While families urgently look for a cause to the acts of gun violence within school, parents are starting to believe that video games are contributing to gun violence among teens.

While video games may or may not be a leading factor to gun violence, Rizzuti believes that it desensitizes users to the dangers guns are capable of. However, he considers mental health to be a more prominent contributing factor. 

“I think [it does] desensitize people to that,” Rizzuti said. “I do think we as a country do need to take metal health issues a lot more seriously than we do. My opinion is that if you do have a mental health problem it is no different from being sick, and there is no problem with getting that illness taken care of.”

Rizzuti truly believes that if there was less of a stigmatism towards mental health, and if it was taken more seriously, more people would want to get help. He believes the best way to solve the problem around gun violence, and even gun control, is for the common people to be reminded of the importance of human life.

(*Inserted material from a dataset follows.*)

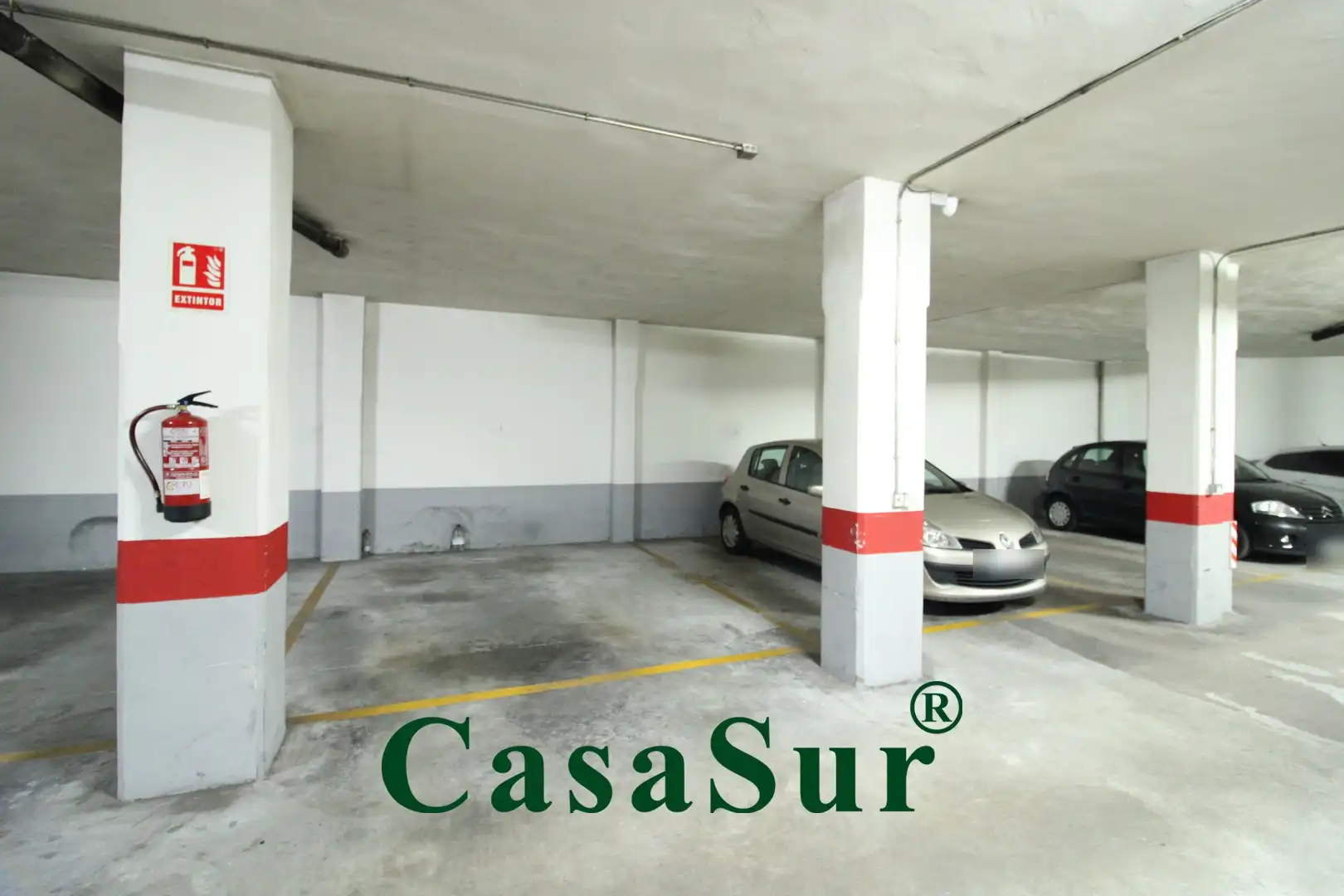 Parking of Flat for sale in Valladolid  with Heating and Storage room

At the age of 18, young adults are handed over a lot of responsibilities, such as joining the military, voting, going to college and the option to purchase a firearm. 

Rizzuti is very adamant that this generation knows that if they choose to purchase a gun at 18, then they are aware of the dangers that come along with it, as well as the importance of gun safety and mental health. 

“If you are struggling you are not alone and there is help,” Rizzuti said. “I think I speak for every adult in the building and everyone I know that if you need help and if you need that support it is here for you.”